> _Exercise details_:
What you hand back must match the records word for word, with no pictures.
═══
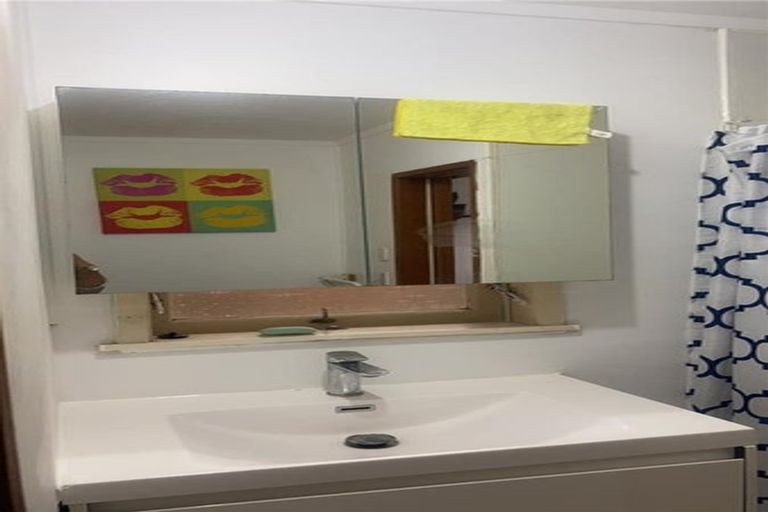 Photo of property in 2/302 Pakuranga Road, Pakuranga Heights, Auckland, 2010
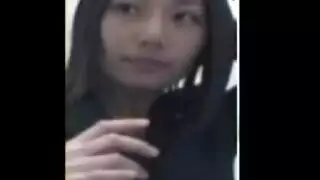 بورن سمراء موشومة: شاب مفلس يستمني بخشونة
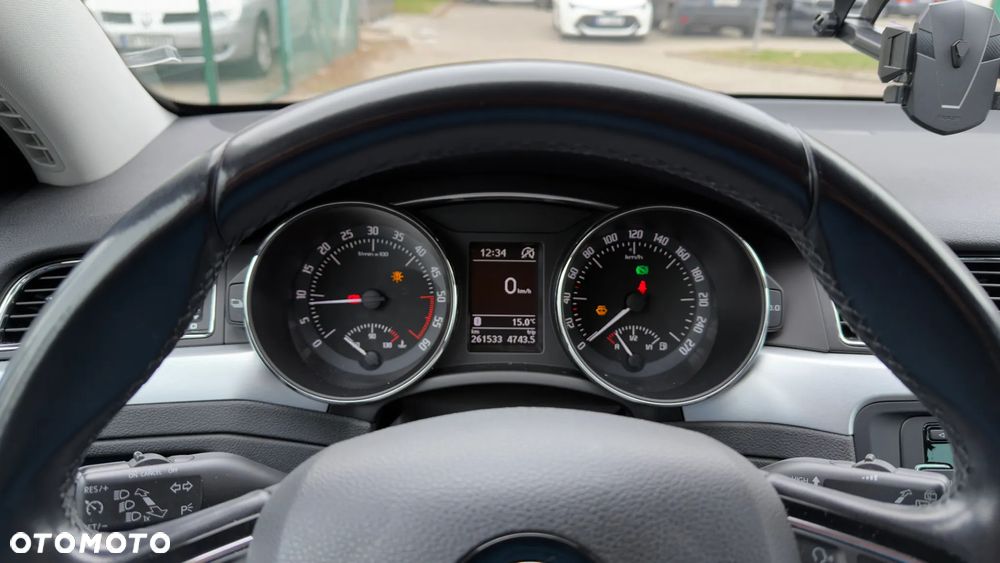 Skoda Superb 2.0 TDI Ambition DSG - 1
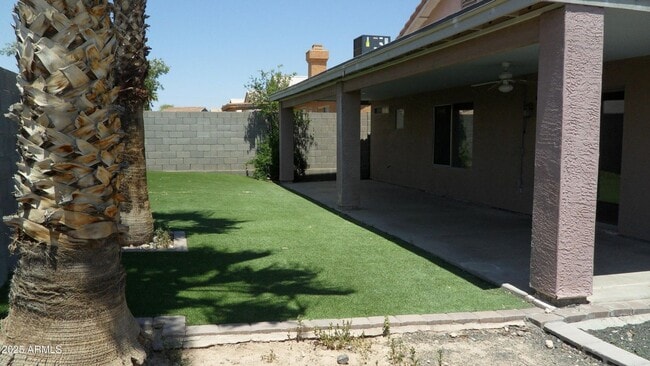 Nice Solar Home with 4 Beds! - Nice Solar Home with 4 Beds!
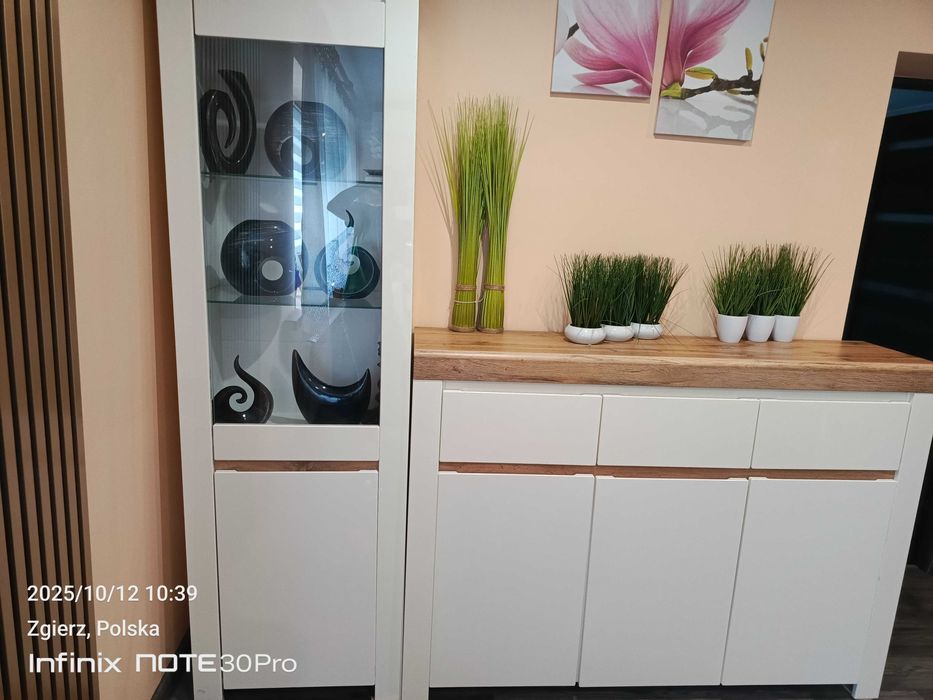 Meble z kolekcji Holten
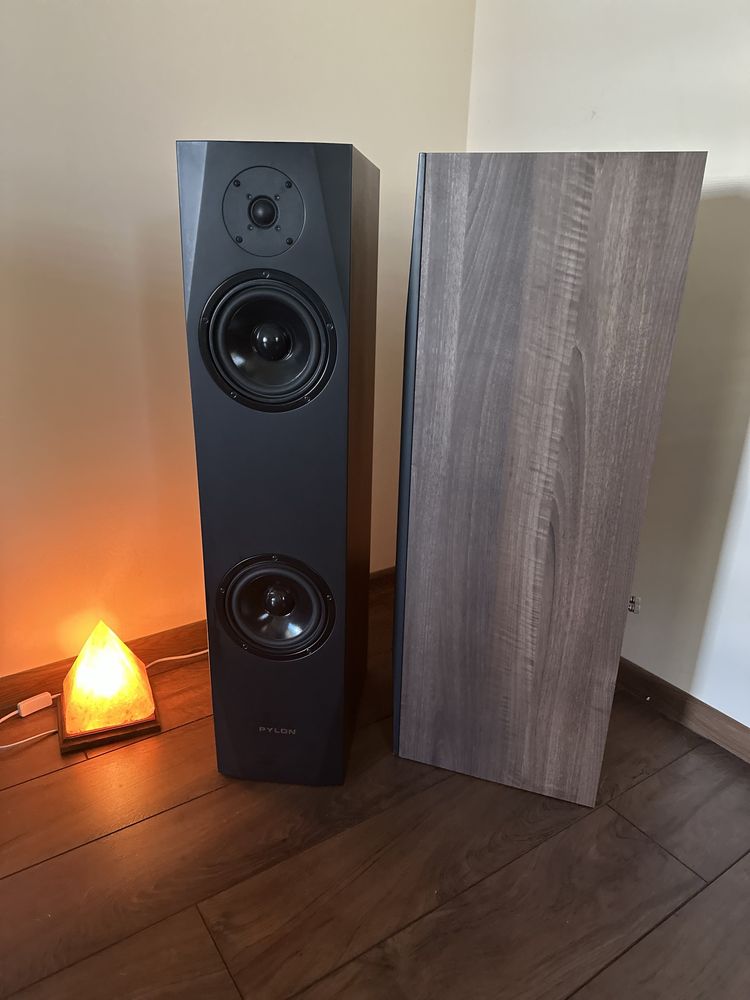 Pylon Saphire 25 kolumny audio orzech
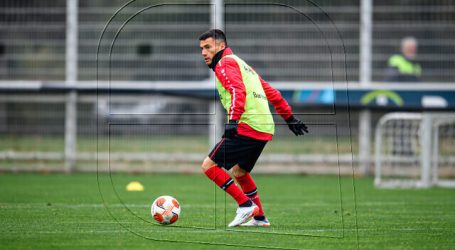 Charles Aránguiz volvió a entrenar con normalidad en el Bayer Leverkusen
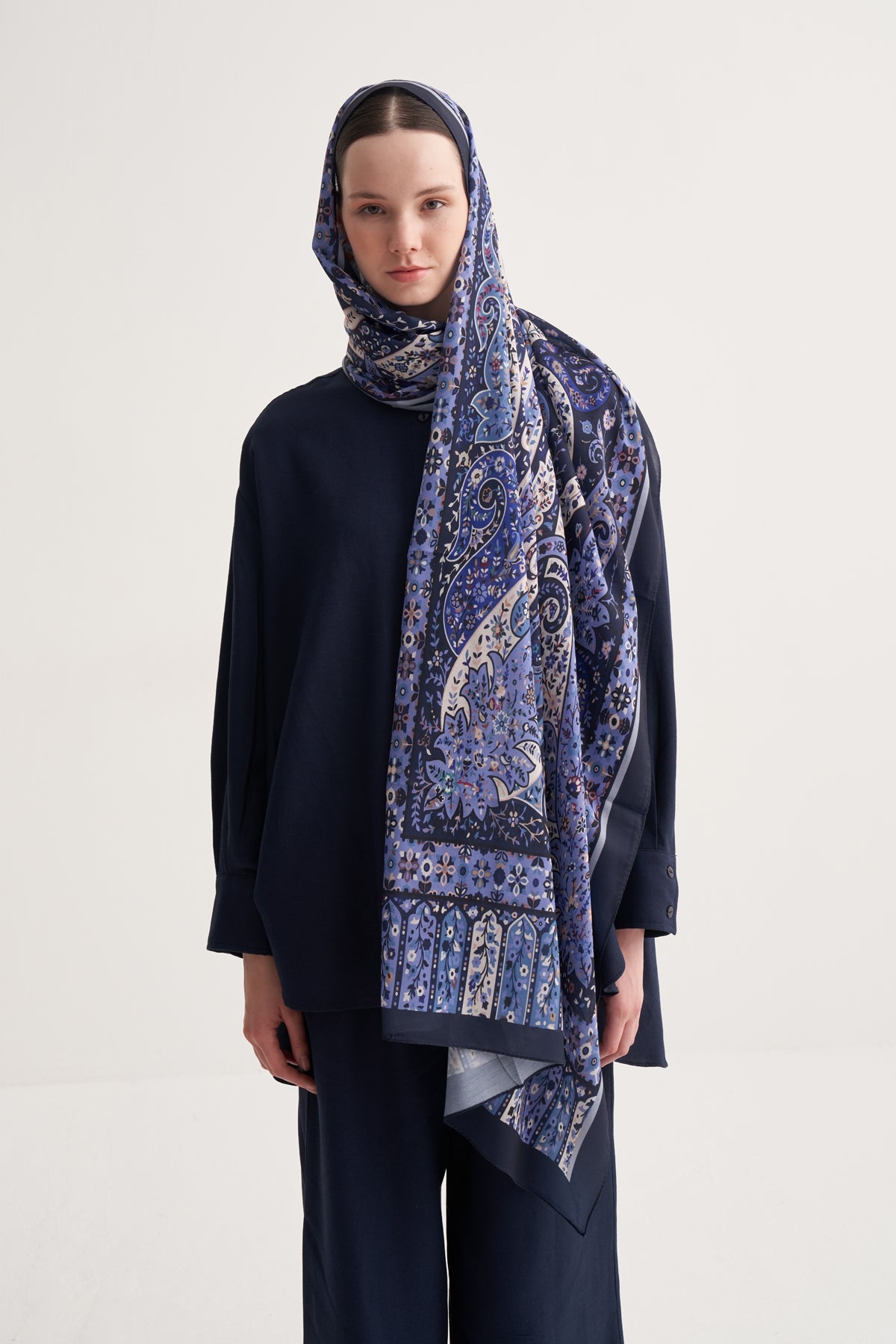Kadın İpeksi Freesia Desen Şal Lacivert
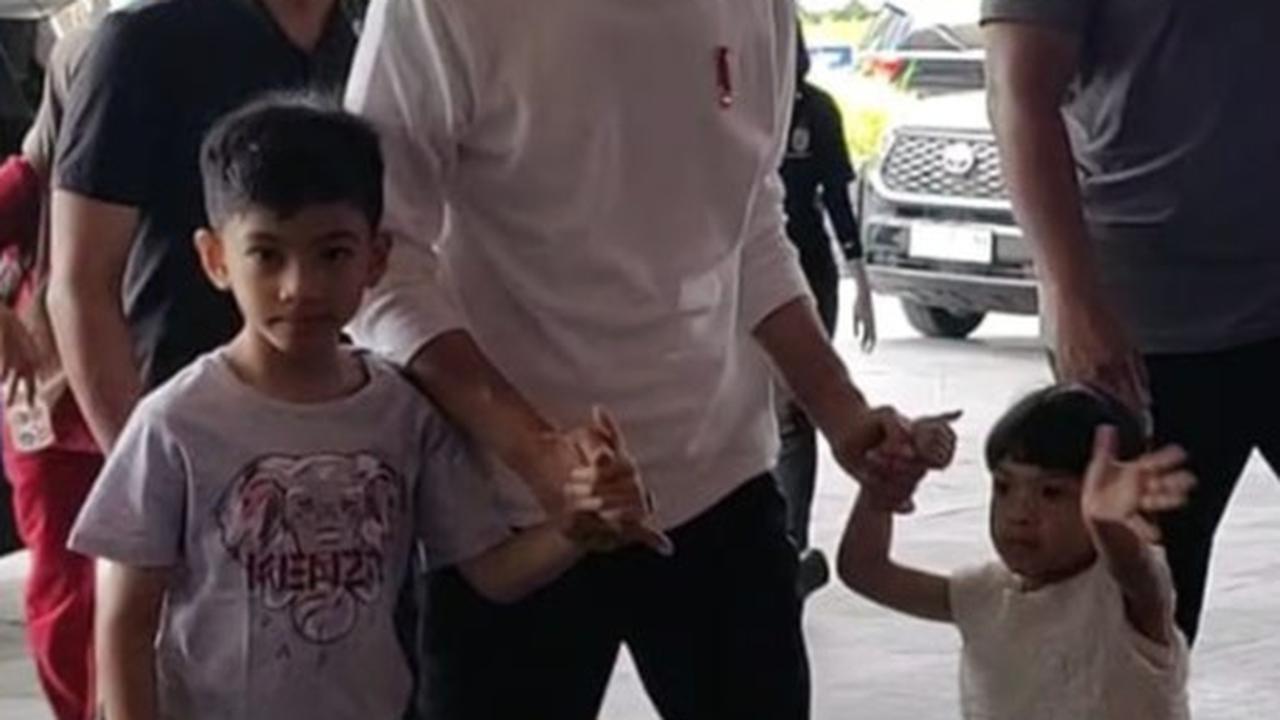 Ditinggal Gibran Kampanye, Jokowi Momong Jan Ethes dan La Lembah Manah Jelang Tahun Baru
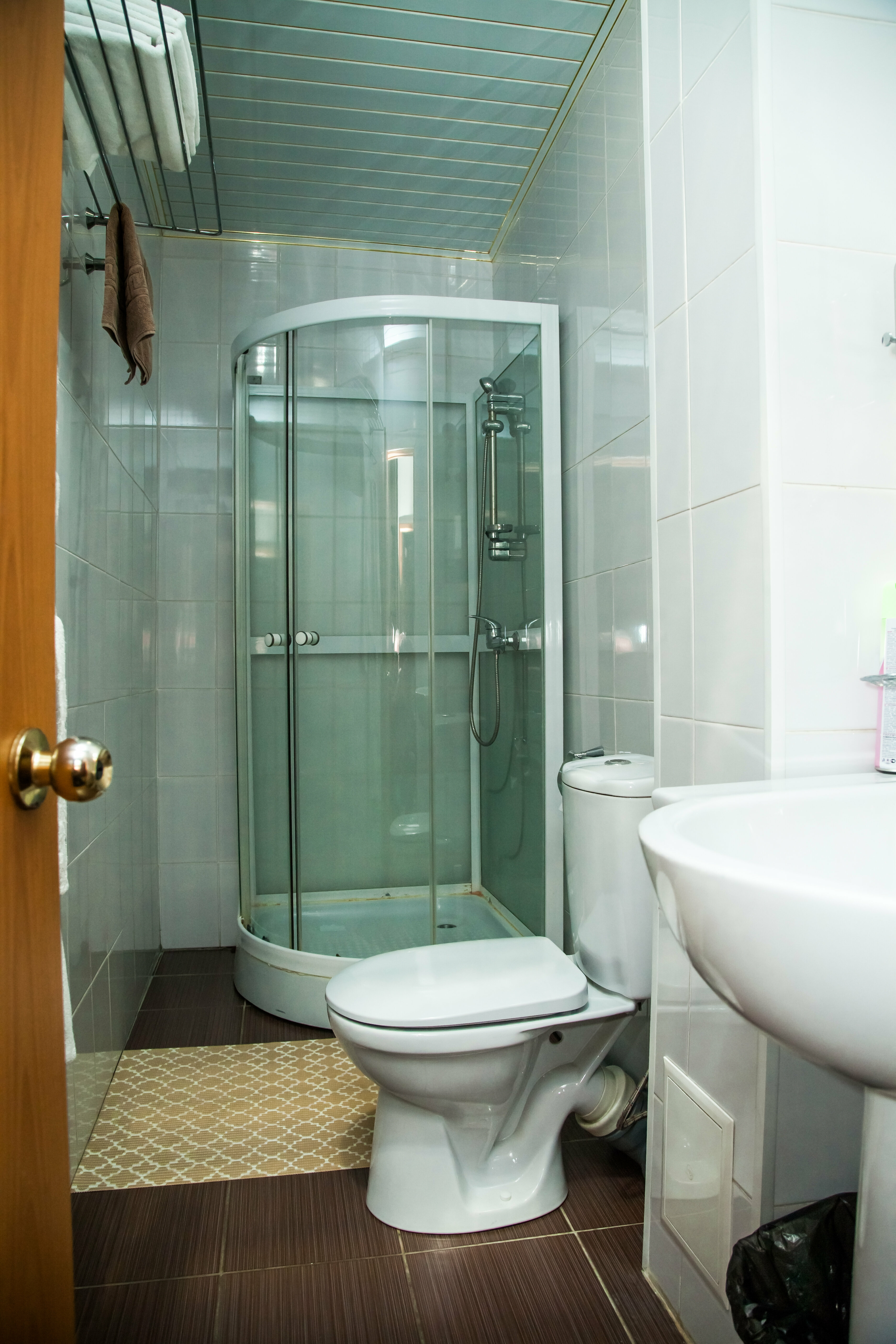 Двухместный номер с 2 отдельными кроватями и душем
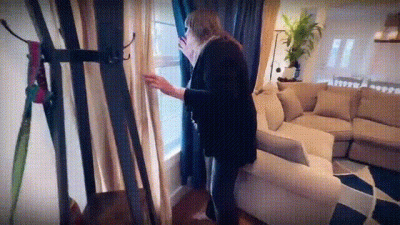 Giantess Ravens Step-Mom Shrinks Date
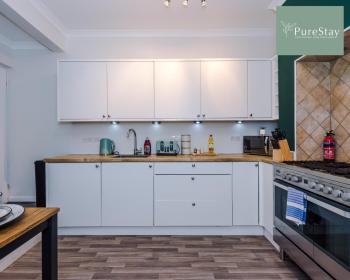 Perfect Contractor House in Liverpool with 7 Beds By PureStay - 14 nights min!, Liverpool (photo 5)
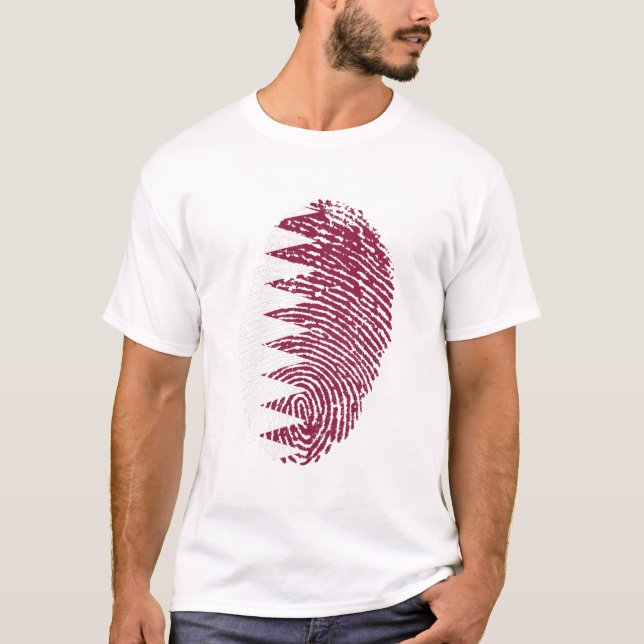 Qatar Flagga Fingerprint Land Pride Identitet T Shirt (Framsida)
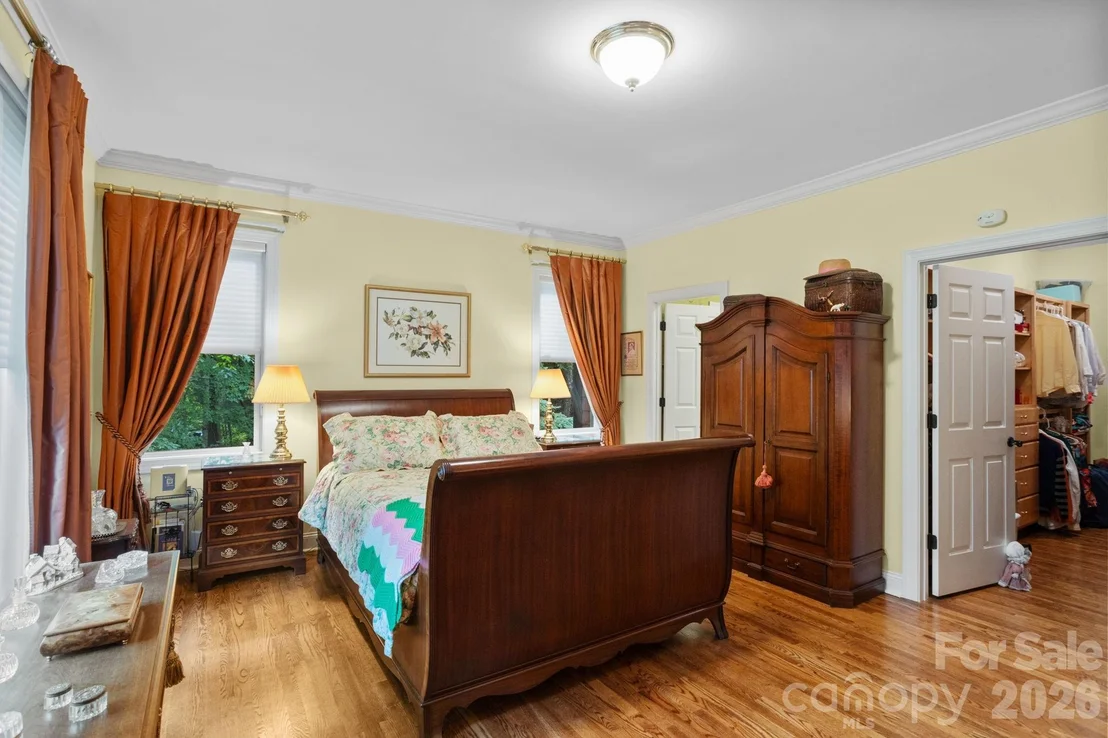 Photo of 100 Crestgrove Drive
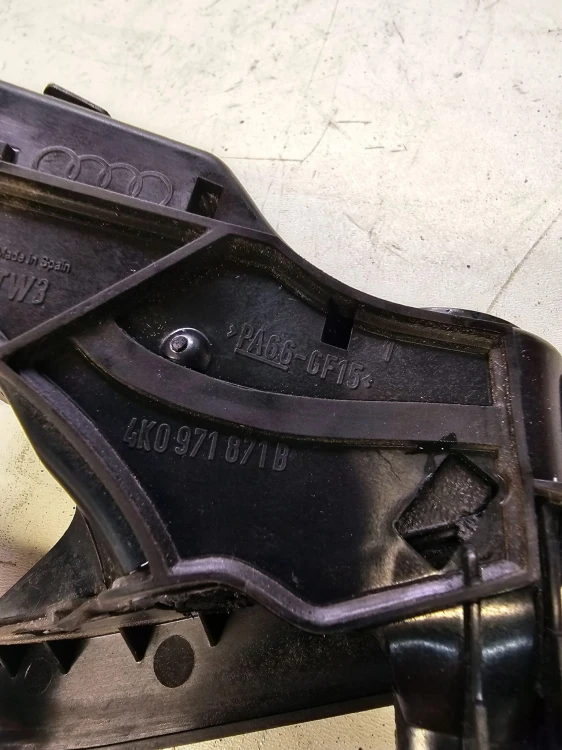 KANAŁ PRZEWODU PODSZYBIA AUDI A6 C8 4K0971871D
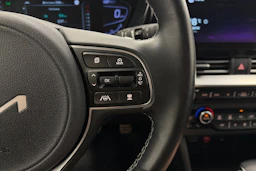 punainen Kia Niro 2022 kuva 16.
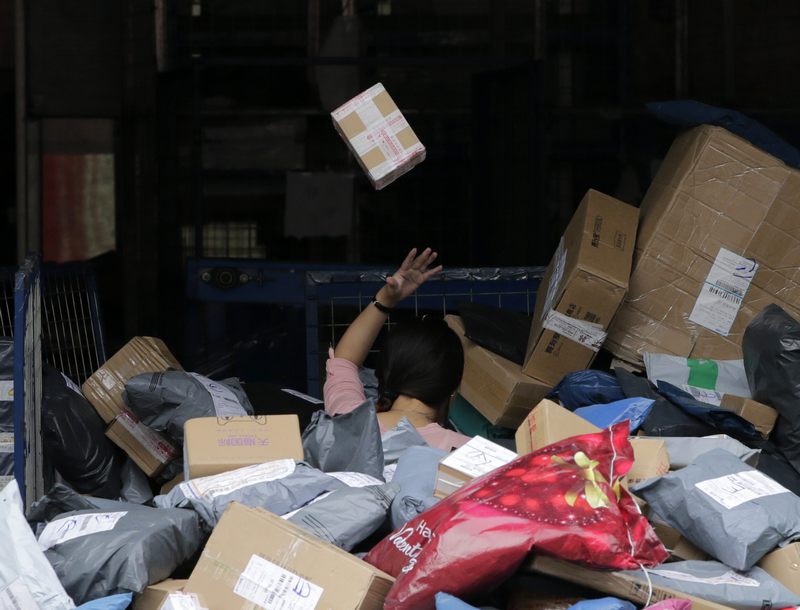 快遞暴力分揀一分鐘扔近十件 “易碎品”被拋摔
═══
> _Result below_:
 Photo of property in 2/302 Pakuranga Road, Pakuranga Heights, Auckland, 2010
 بورن سمراء موشومة: شاب مفلس يستمني بخشونة
 Skoda Superb 2.0 TDI Ambition DSG - 1
 Nice Solar Home with 4 Beds! - Nice Solar Home with 4 Beds!
 Meble z kolekcji Holten
 Pylon Saphire 25 kolumny audio orzech
 Charles Aránguiz volvió a entrenar con normalidad en el Bayer Leverkusen
Kadın İpeksi Freesia Desen Şal Lacivert
 Ditinggal Gibran Kampanye, Jokowi Momong Jan Ethes dan La Lembah Manah Jelang Tahun Baru
 Двухместный номер с 2 отдельными кроватями и душем
 Giantess Ravens Step-Mom Shrinks Date
 Perfect Contractor House in Liverpool with 7 Beds By PureStay - 14 nights min!, Liverpool (photo 5)
 Qatar Flagga Fingerprint Land Pride Identitet T Shirt (Framsida)
 Photo of 100 Crestgrove Drive
 KANAŁ PRZEWODU PODSZYBIA AUDI A6 C8 4K0971871D
 punainen Kia Niro 2022 kuva 16.
 快遞暴力分揀一分鐘扔近十件 “易碎品”被拋摔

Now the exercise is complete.